***** Information shown

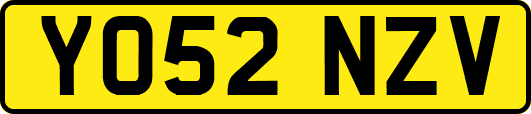 YO52NZV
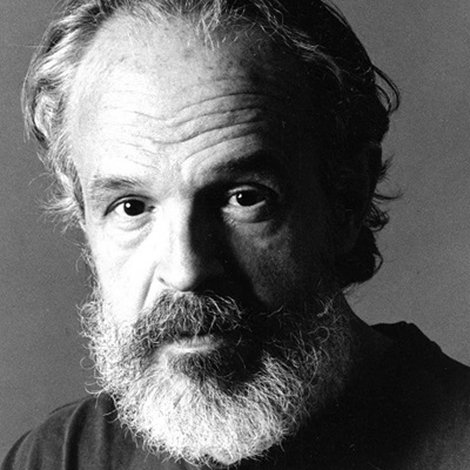 Ángel Amorós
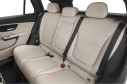 Thumbnail image of 2023 Mercedes-Benz GLC at Mercedes-Benz of Massapequa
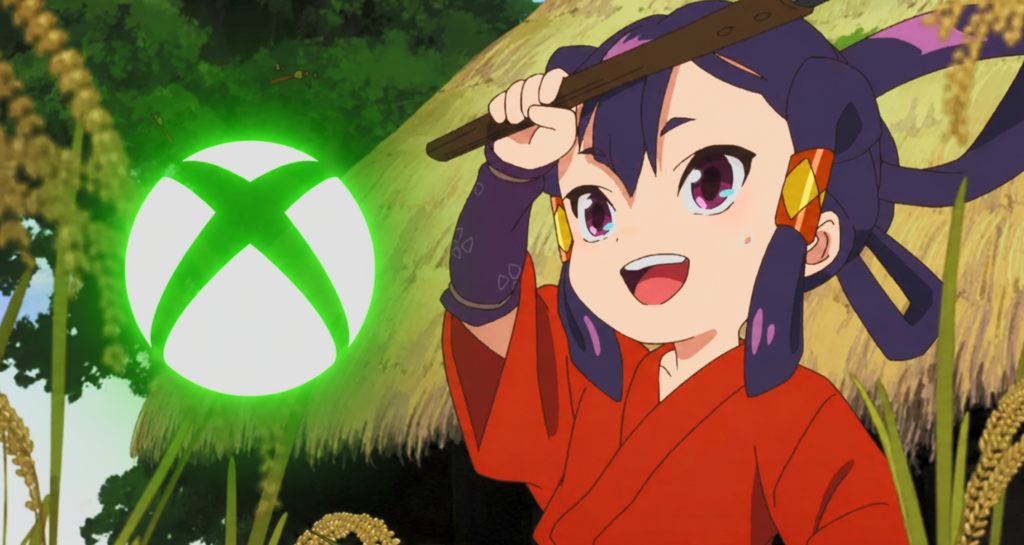 Desenvolvedor aponta desafios para jogos japoneses no Xbox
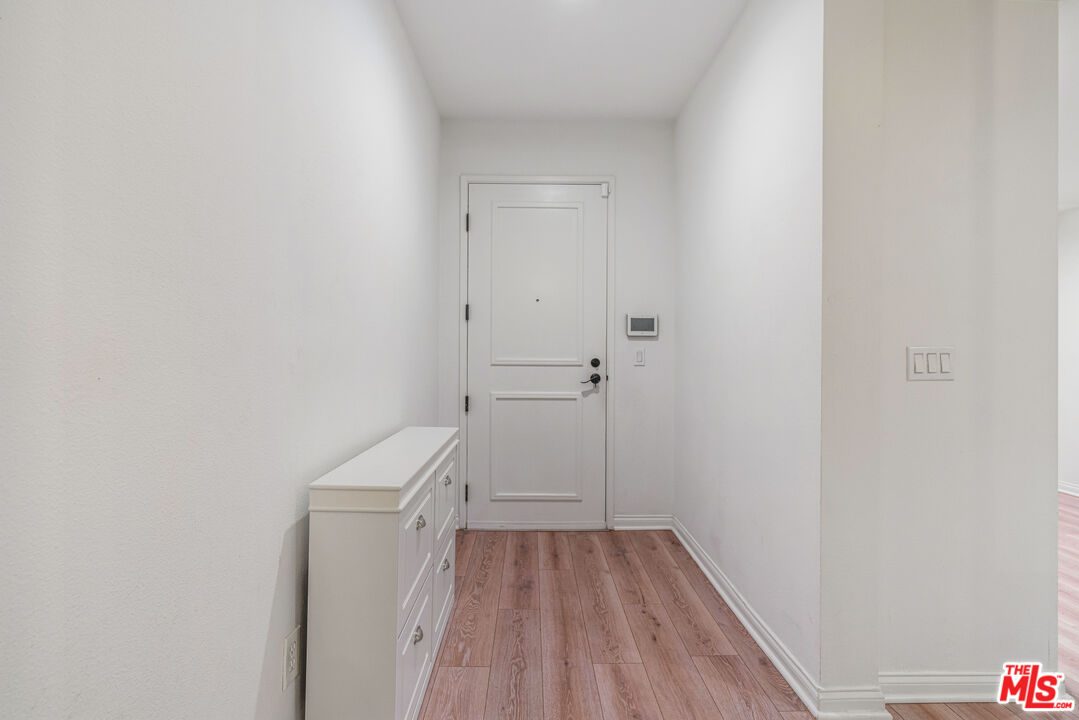 MLS #25614219 image #11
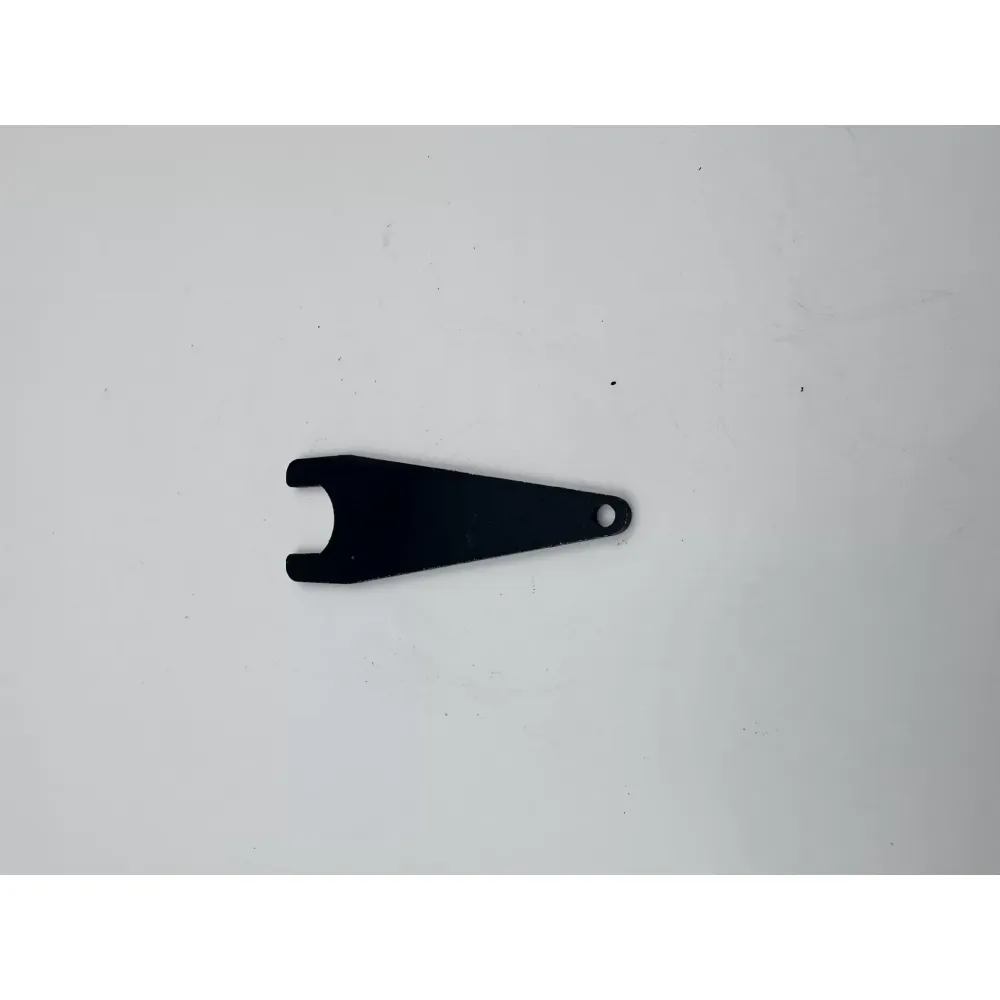 ÖZEL ÜRETİM ANAHTAR E TİPİ (Lisinya)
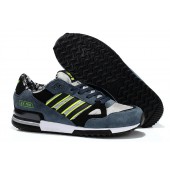 adidas chaussures ouedkniss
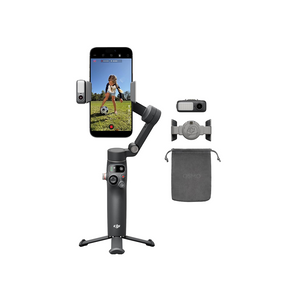 DJI Osmo Mobile 7P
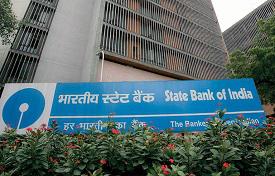 Cabinet Approved SBI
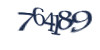 Click to refresh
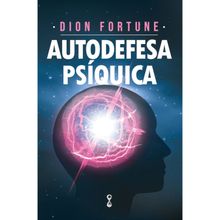 AUTODEFESA PSIQUICA
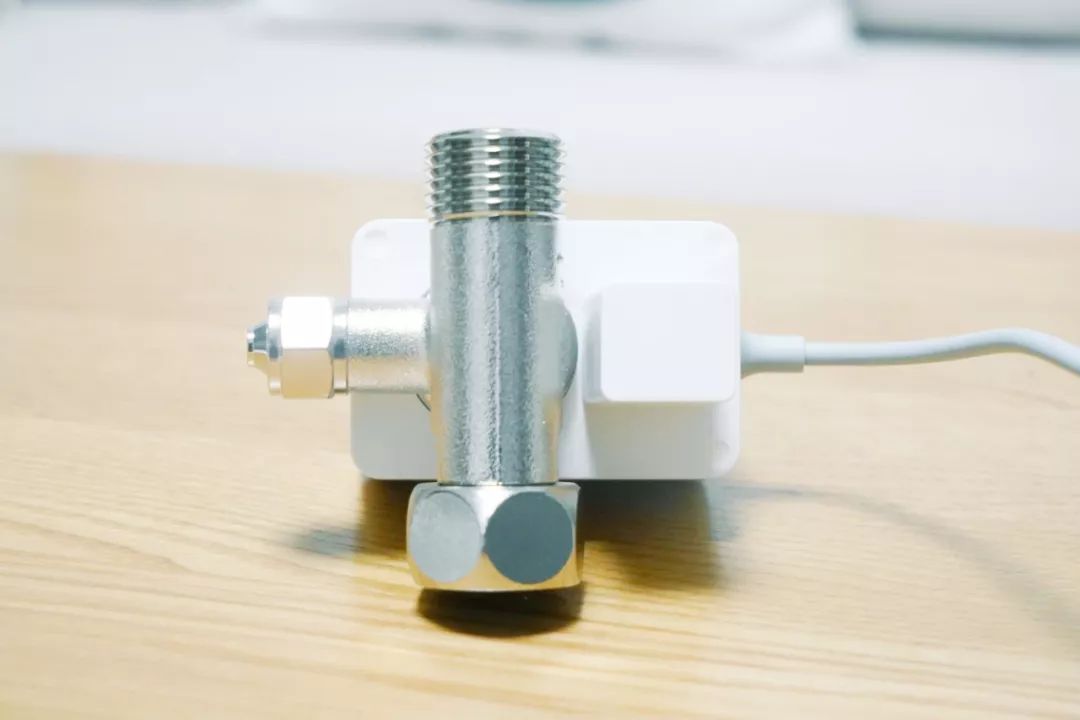 云米净水器水质数值标准,云米ro反渗透净水器评测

**********

**Work instruction:**
Your task is to copy exactly the lines from the line containing "Desenvolvedor aponta desafios" through the final line of the listing above and to omit every picture.

**Exercise result:**
 Desenvolvedor aponta desafios para jogos japoneses no Xbox
 MLS #25614219 image #11
 ÖZEL ÜRETİM ANAHTAR E TİPİ (Lisinya)
 adidas chaussures ouedkniss
 DJI Osmo Mobile 7P
 Cabinet Approved SBI
 Click to refresh
 AUTODEFESA PSIQUICA
 云米净水器水质数值标准,云米ro反渗透净水器评测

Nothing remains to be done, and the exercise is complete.